The view from the vendors contrasts sharply with that expressed by chief information officers at this week's UK Tech Summit held at the Bloomberg Studios in London. There, a panel of three CIOs said they did not feel that Linux yet offers the cost advantages or peace of mind that is required for running mission-critical applications in an enterprise.
It will, say the vendors, be the adoption of version 2.6 of the Linux kernel that signals the open-source operating system's readiness for more mission-critical applications. IBM plans to introduce the 2.6 kernel into its products early in 2004. Linux leader Linus Torvalds released version 2.6.0-test7 of the Linux kernel on Wednesday, saying he and 2.6 leader Andrew Morton now are directing programmers to focus on stability rather than cleaning up the code. The move is a step towards the kernel's final release.
"Linux has been mainstream in edge of network applications for some time," said Adam Jollans, Linux strategy manager at IBM, referring to Web, email and DNS servers and cacheing appliances. "But we're now seeing it being adopted in e-commerce, commercial clusters, software development, Web applications and branch automation."
The operating system is still seen as a leading-edge technology for high-end database servers, commercial clusters, enterprise resource planning, customer relationship management and supply chain management, Jollans conceded.

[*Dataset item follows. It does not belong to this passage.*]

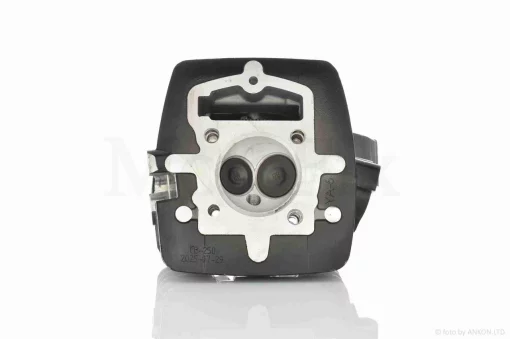 Головка циліндра 165FMM/166FMM CB200/CB250 D65.5, d27/31.5 у зборі "LIPAI" (чорна, TTR250), QT-031010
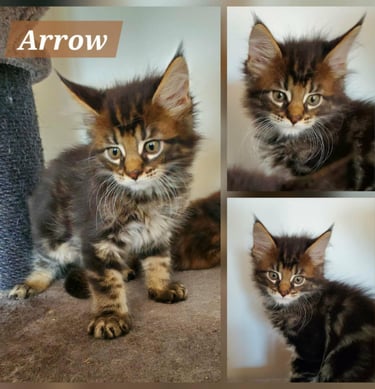 Brown Blotched Tabby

But he said some companies are beginning to use Linux "for real business applications, with Sage, PeopleSoft and now even JD Edwards porting to it, and SAP has been a long-time Linux supporter, with over 500 customers already."
When version 2.6 of the Linux kernel arrives, said Jollans, it will allow the operating system to scale up much better. "The 2.6 kernel will take it up to 16-way, effectively," he said.
Mark Hudson, proof-of-concept consultant at database vendor Sybase, agreed. "We have done a lot of work perfecting of Sybase on Linux," said Hudson. "But is the operating system perfect yet? Certainly, on a four-way server, but we got the equivalent of 6.5 CPUs worth of throughput on an eight-way server."
Hudson said he expects the 2.6 kernel to solve this issue and enable the company's database and other server products -- all of which he said will be ported to Linux by the end of the year -- to scale on the operating system to eight-way and beyond.
The difference in enthusiasm between CIOs and vendors is reflected in a research note issued by research firm Gartner on Thursday, which acknowledged that every operating system (OS) environment has a set of accelerators and inhibitors affecting its deployment. "When the inhibitors overwhelm the accelerators, environments eventually fade and die," wrote the research firm. "In the case of Linux, the accelerators currently have greater importance, thus outstripping the inhibitors."
When weighted for strategic importance, said Gartner, the accelerators pushing Linux are more compelling than the inhibitors. Among the accelerators propelling Linux into businesses are cost pressures, the openness of Linux, and concerns with security, reliability and licensing issues with Microsoft's platforms.
Among the inhibitors that still haunt Linux in enterprises are its readiness for mission-critical work, the migration of in-house applications, and the availability of third-party applications and integrated solutions.